Longtime Beach resident Karen Buck, of Citizens for a Safe Environment, said the ABTP is a complicated facility that must continue to be fully used for water treatment.
"It's like trading one essential service for another," she said, adding the city's recent choice to use liquid chlorine is still not the best idea for disinfecting wastewater.
Hawley added it would take $60 million to remediate the ABTP site in order to use a portion of it for the streetcar storage and maintenance facility.
"We really want our councillors to stand up for us and stop this. We want them to stand up for the environment and the citizens that live here."
She also noted some of the residents at the protest, which ran from 7 to 9 a.m. and 4 to 6 p.m., were concerned about local safety issues as an estimated 154 streetcars will soon be travelling along Queen Street East and south on Leslie street to reach the yard.
"Rail yards are usually put where people don't go," she said.
Carrying a large sign with a skunk on it, Beach resident Jose Gaspar said he came out to protest the new LRV facility because he doesn't want to see the loss of the green spaces in the area.

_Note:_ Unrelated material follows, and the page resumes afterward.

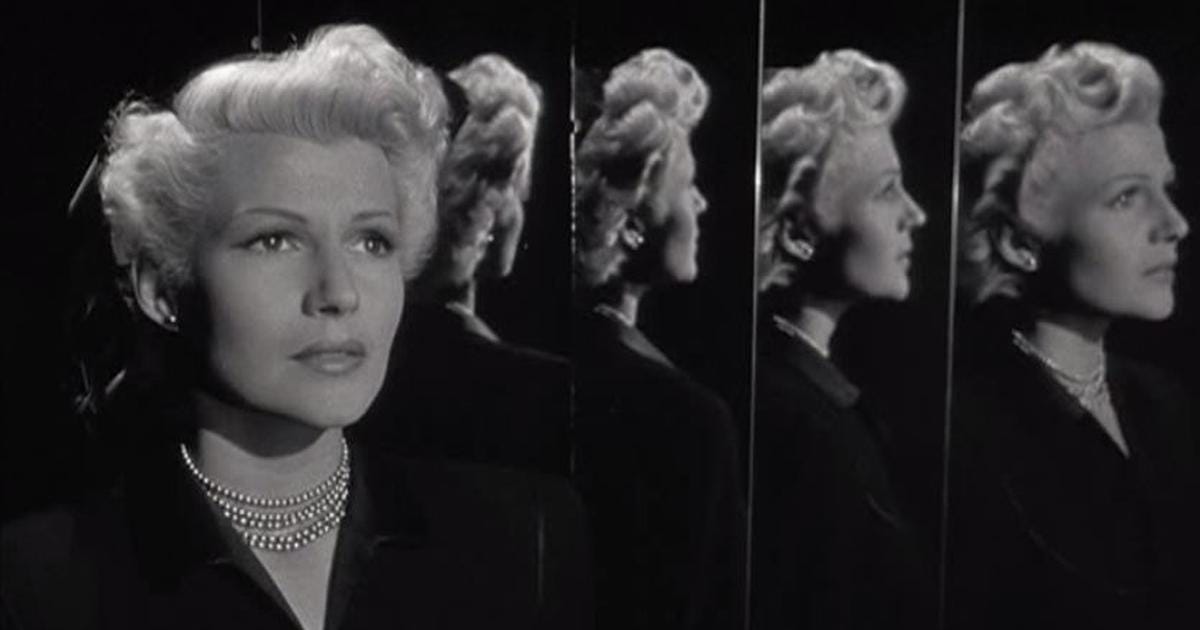 A bleach blond womand in a black dress and pearls. A head and shouldeer shot with her looking out to the right. Her reflection is reflected in multiples mirrors.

"We love it down here," Gaspar said, adding he wants more parks and less rail and vehicular traffic in the Ashbridges Bay area.
"What we need is more bike lanes, not TTC tracks."
The protest also served to encourage residents to make their way to an April 8 community meeting at the EMS Academy at 895 Eastern Ave., from 6:30 to 9 p.m.
"We're mobilizing for April 8. If you have an opinion, get to that meeting," Hawley urged.